[Brief descriptive captions]
* * *

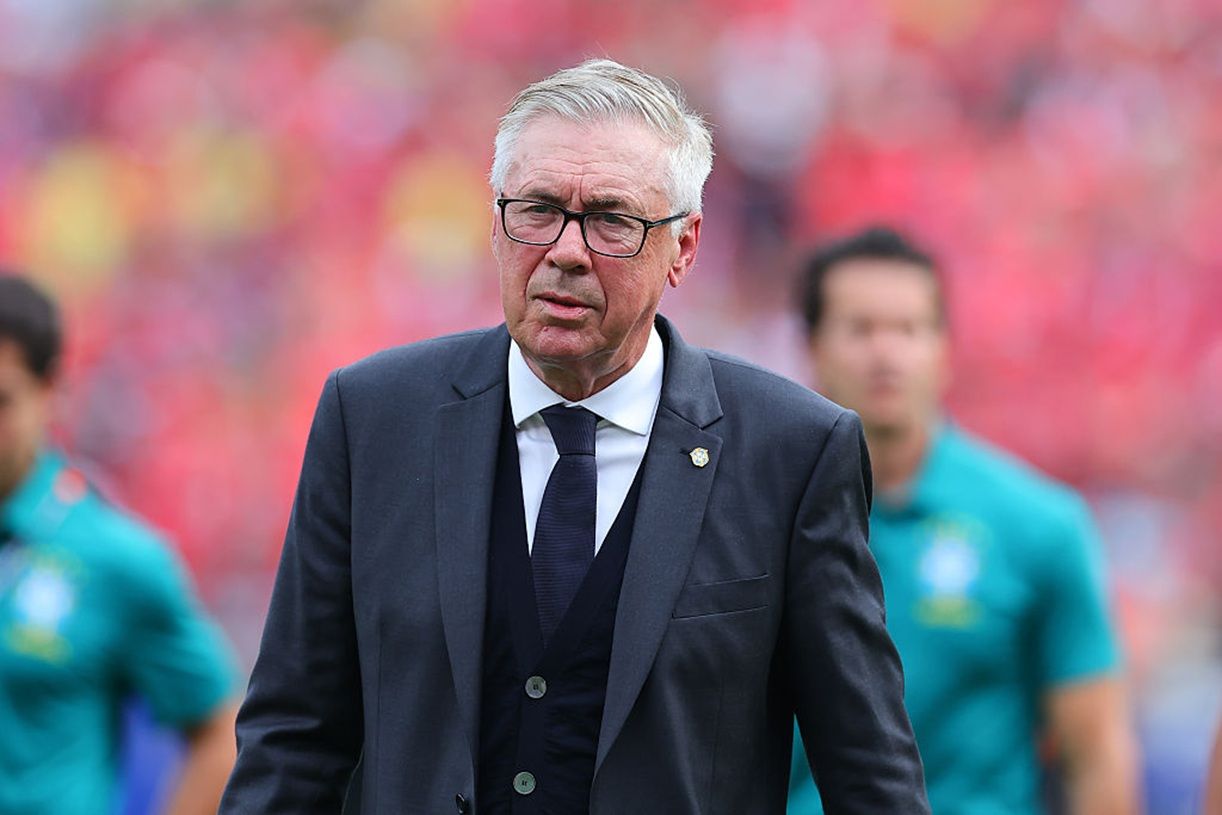 Media: Ancelotti podjął decyzję ws. przyszłości. 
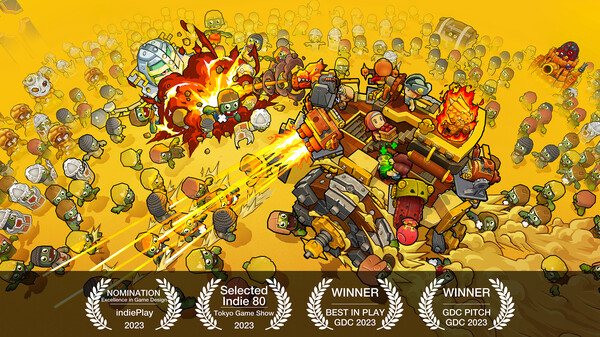 图片[2]-开炮吧方舟 v1.0.0（Zombie Rollerz The Last Ship）免安装中文版-87软件库｜绿色软件+破解游戏下载站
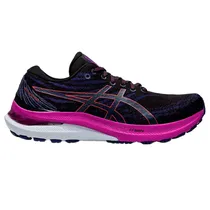 Tênis Asics Gel-Kayano 29 Preto Rosa Feminino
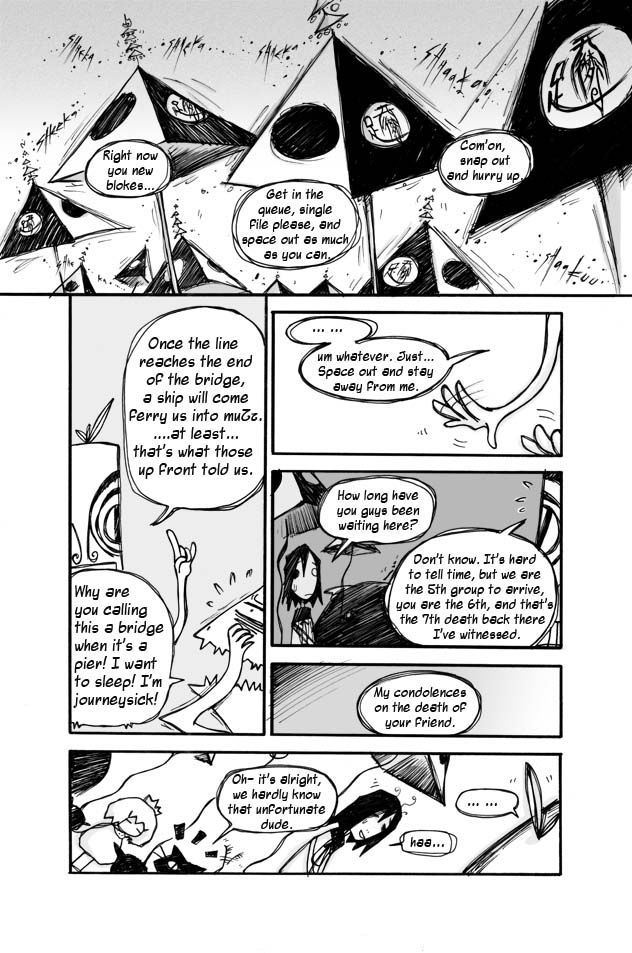 muZz Chapter 2 page 5 - Chapter 2 : H'triber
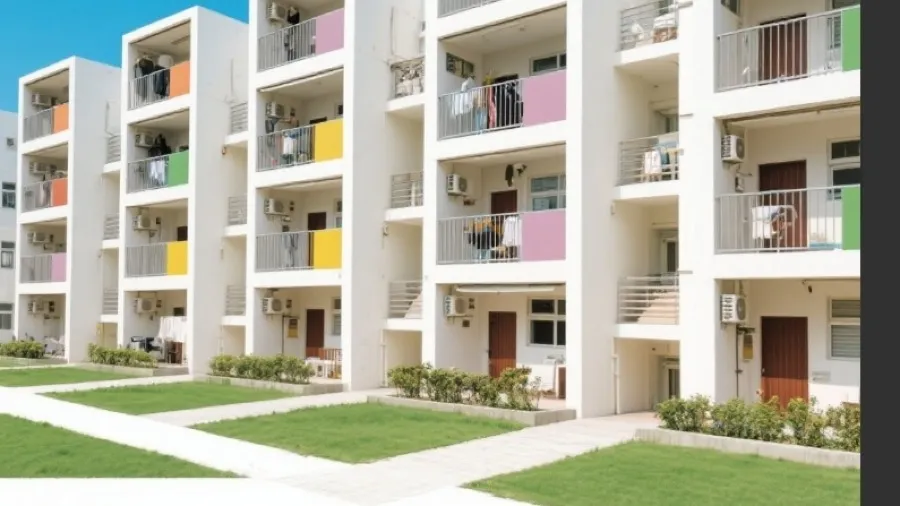 香港共居政策的未來:強化監管、擴大合作與提升居住品質的封面圖片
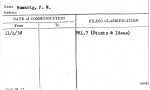 Buehrig, F.M.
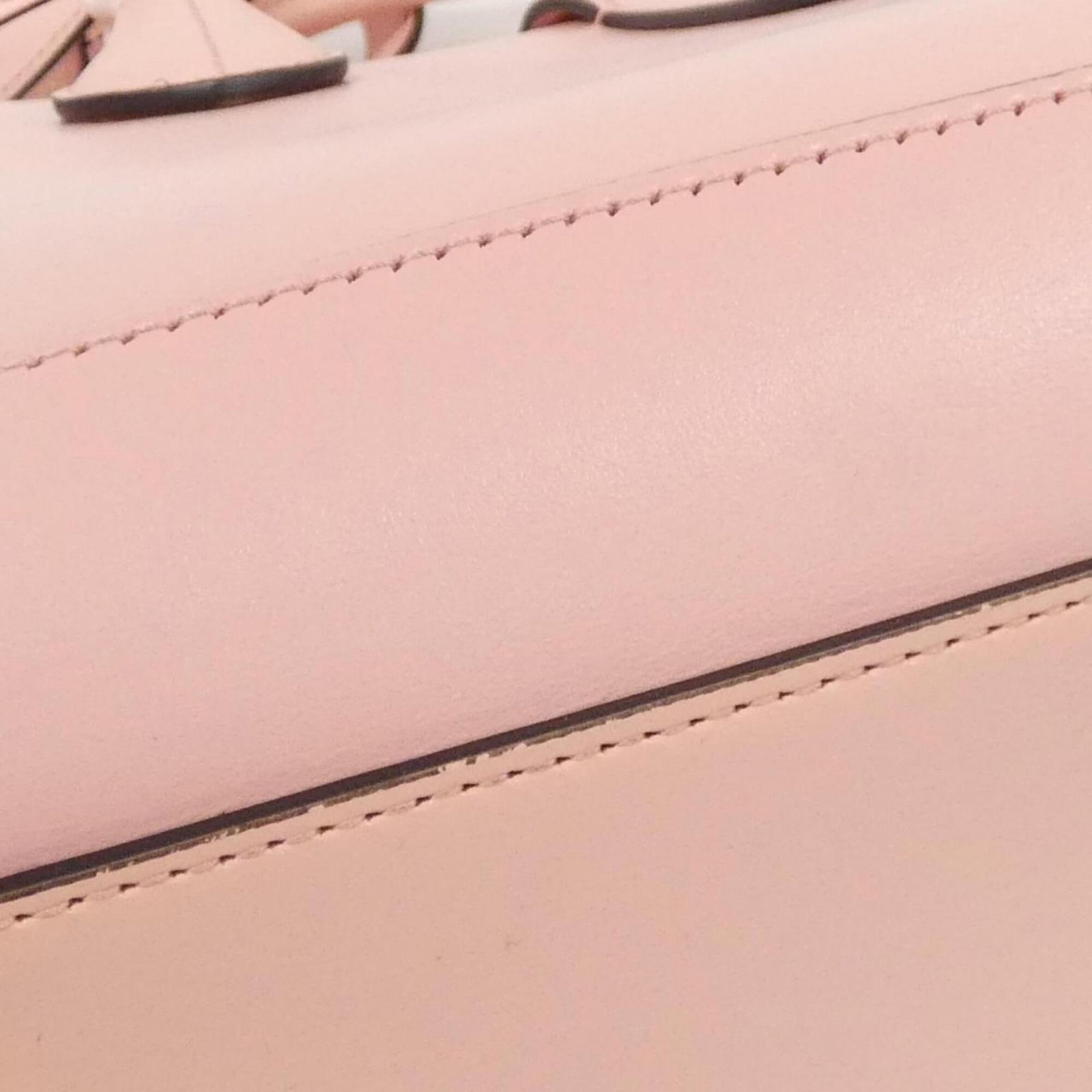 Handbag Leather Gucci - 4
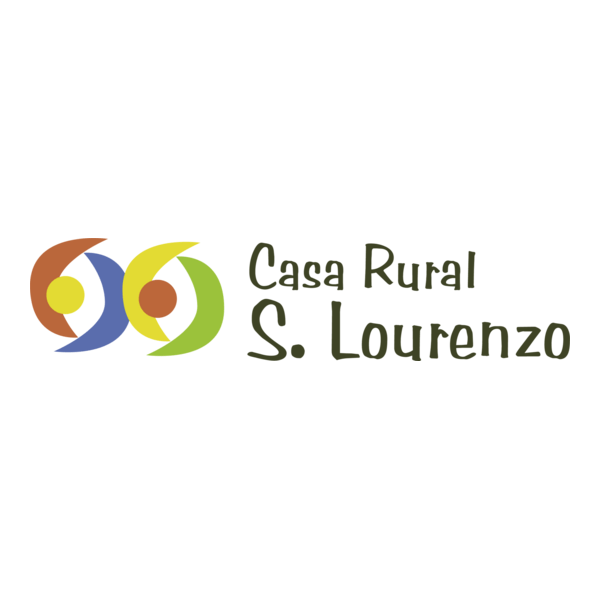 Casa rural en Baiona San Lourenzo Logo PNG Vector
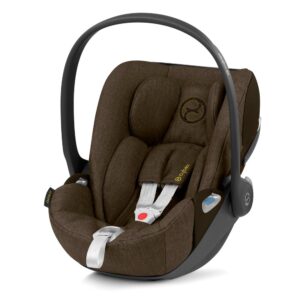 Cybex Cloud Z i-Size PLUS - khaki green
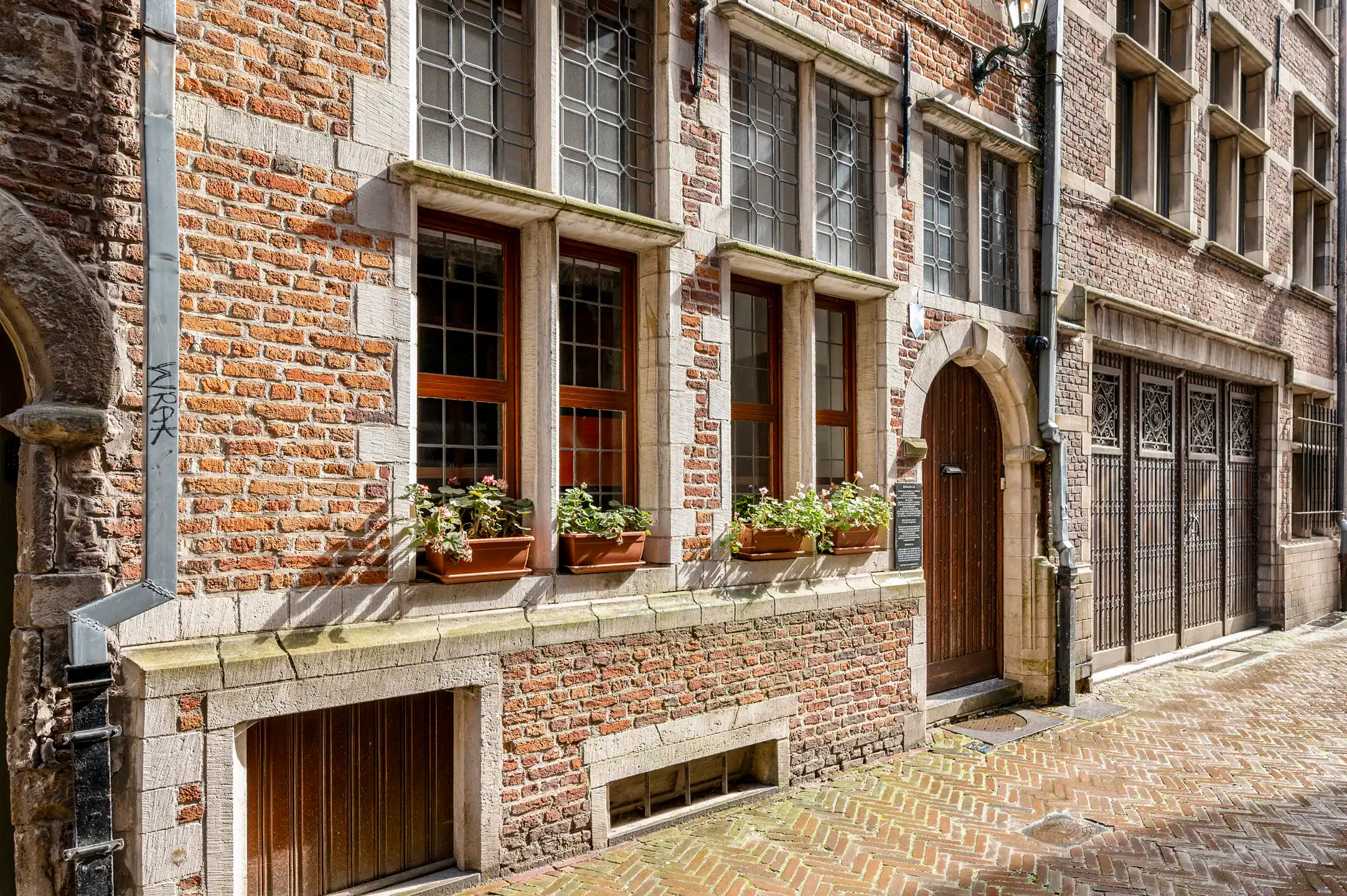 Huis te koop Stoelstraat 7 - 2000 Antwerpen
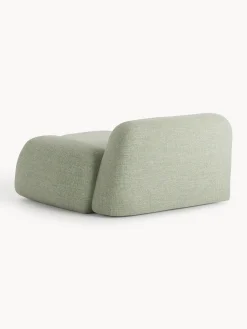Modulo angolare in bouclé Wolke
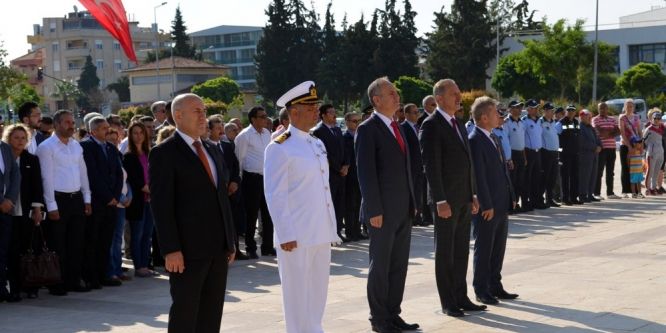 Didim’de 19 Mayıs kutlamaları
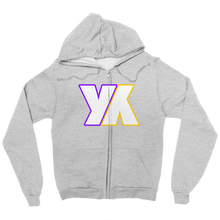 Funyyunz YY Zip Up Hoodie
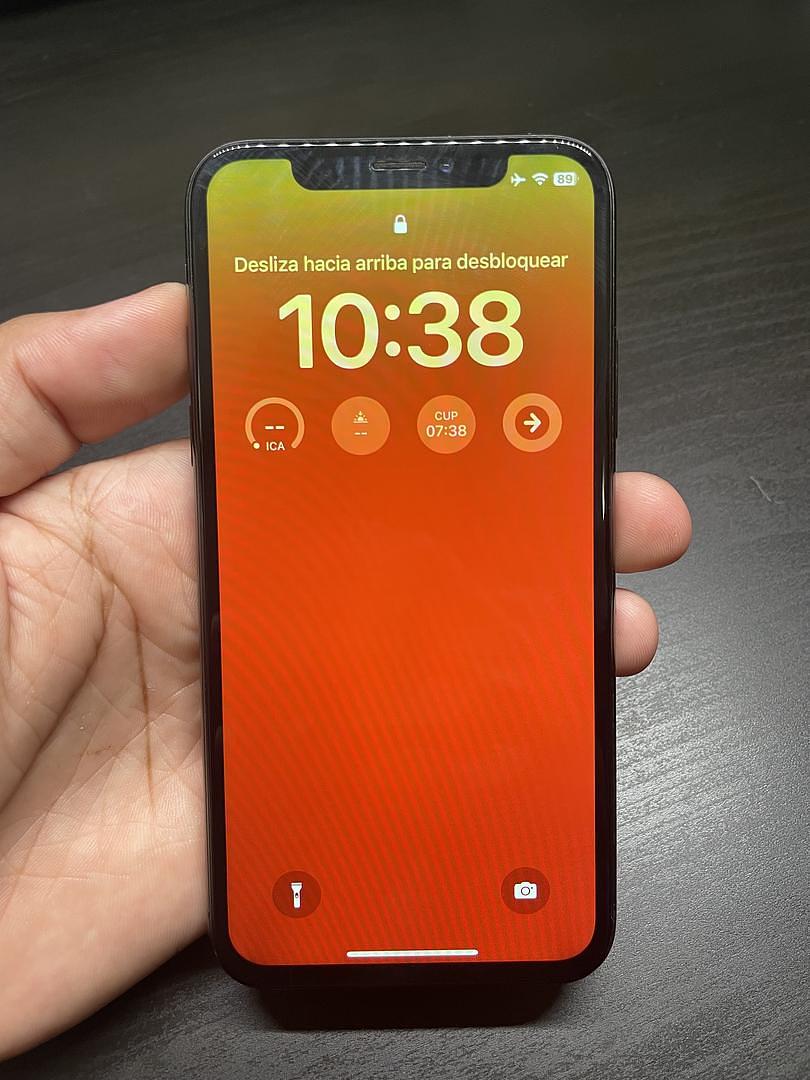 celulares y tabletas - IPhone X 64GB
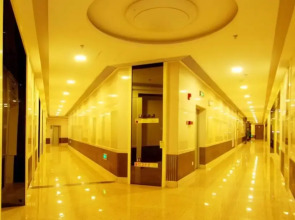 Grandview Golden Palace Weifudun Apartment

* * *

A verbatim copy of every record is to be produced, and pictures are to be excluded from it.

 Media: Ancelotti podjął decyzję ws. przyszłości. 
 图片[2]-开炮吧方舟 v1.0.0（Zombie Rollerz The Last Ship）免安装中文版-87软件库｜绿色软件+破解游戏下载站
 Tênis Asics Gel-Kayano 29 Preto Rosa Feminino
 muZz Chapter 2 page 5 - Chapter 2 : H'triber
 香港共居政策的未來:強化監管、擴大合作與提升居住品質的封面圖片
 Buehrig, F.M.
 Handbag Leather Gucci - 4
 Casa rural en Baiona San Lourenzo Logo PNG Vector
 Cybex Cloud Z i-Size PLUS - khaki green
 Huis te koop Stoelstraat 7 - 2000 Antwerpen
Modulo angolare in bouclé Wolke
 Didim’de 19 Mayıs kutlamaları
 Funyyunz YY Zip Up Hoodie
 celulares y tabletas - IPhone X 64GB
 Grandview Golden Palace Weifudun Apartment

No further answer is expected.